To pick up where I left off…
The first script I sent out when I moved to Hollywood was terrible. And so was the one after that. (NIGHTS OF VENUS. A romantic-horror-action-comedy about a guy who falls in love with a beautiful vampire, named Venus.) And the one after that. (AIR BALL. An R-rated sports comedy about a disgraced former NBA player who takes a job coaching the worst high school basketball team in the country to pay off a big gambling debt.) The next one was really bad, too. (THE KIDS NEXT DOOR. A horror script about a group of kids who think their new neighbors are demons.) I was just cranking them out, making up for lost time, I suppose. I had no idea what I was doing, and eventually, I realized that. We’ll talk about it another time.
Now, I’m going to jump ahead.
What follows is sort of a prologue to the story I have to tell about making The Shower.
It’s a Page 1 trick. Start in a really bad place with your protagonist and then go back and see how he got there and if he can get out of it.
I used it in The Shower. Below is page 1 of an early draft.
Here we go. ..
“KIND OF UNWATCHABLE”
January 4th, 2013. I’m sitting at my desk. It’s not a big fancy writer’s desk. It’s more like something your grandmother might have if she was still alive. And was poor.
I bought it from a tweaker on Doheny Drive back in September of 2002. OK, he probably wasn’t a tweaker. He was just some hungover ex-prom king in his 20s, selling his shit out in front of the apartment building he was vacating. He had that depressed, “L.A. has knocked my teeth down my throat and I’m moving back to my childhood home to recover from my injuries and start the rest of my miserable life” vibe. Desperate, but trying to be friendly. (He was probably a waiter.) I could smell his weakness as I perused the flotsam of his failed life. Clothes, books, CDs, VHS tapes. That one Ikea chair everyone under 30 owned at the turn of the millennium.
And a bunch of old furniture that he probably bought from some loser who was moving back to his parents’ house. Recycled furniture is a way of life in L.A. You get free or cheap stuff when somebody quits and goes home or when somebody succeeds and moves to a nicer place. This ex-frat boy was trying to make a sale, and he was no Ricky Roma.

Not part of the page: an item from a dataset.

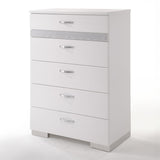 Naima II White High Gloss Chest - Ornate Home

I felt in control so I played hard to get. I was 25 then. I’d been in Hollywood for a year and thought I was finally getting the hang of the place. Yeah, it was tough. It would try to kick your ass on a daily basis. But I wasn’t going to let it beat me. That’s a story for later on. I needed a desk. Rachael and I were getting an apartment together.
Yes, we lived in separate apartments when we moved here because my parents forbade us from living together. Just kidding. We “lived” in separate apartments because in my infinite wisdom I thought that it would be too crazy for us to live together for the first time under the circumstances of moving to L.A. So, I wasted $8400 paying for a parking space for a year. Maybe there was some psychological benefit to each of us having our own place for the first time in our lives. Any takers?
We were moving in together and we’d need our own desks because we’re like, productive people, and I’ll be writing my shitty screenplays at my desk and she’ll be doing whatever actors would do with a computer in 2002 at her desk. I asked how much the grandma desk was without looking at him. He said, “Thirty.” I kept my eyes on the desk, it felt like a good technique. “I’ll give you fifteen for it.” Then I looked at him.
For a moment, he was going to resist, I mean, this was his grandmother’s desk, and she’s dead now and it’s all that he has left, besides the memories. But this dude was done. His will to fight was broken a long time ago. Now he was just a dried up Midwestern corn husk in gym shorts and flip-flops, ready for the ocean breeze to blow him back to the farm he grew up on. (Forgive my occasional “bullshit literary flourishes.” I was an English major and my favorite authors in college were Fitzgerald and Kerouac.)
So, I’m sitting at my desk, holding my cell phone to my ear, and talking to a film distributor who had watched a rough cut of the movie. The “rough cut” is an unfinished version. No sound editing, color correction or visual effects. It’s a work in progress, but should give a strong sense of what the final product will be.
If the distributor liked the movie, he could potentially buy it. He could get it in theaters and on Netflix, iTunes, cable, Amazon, Redbox… This was an important phone call.
I’d been working on the movie since March of 2012, when I began brainstorming ideas for a no budget horror-comedy feature I could write and direct and cast Rachael and our friends in. I wrote the script in May. We started shooting in August. We’d been editing since September and I thought we were on the homestretch. I’ll fill in all those blanks later.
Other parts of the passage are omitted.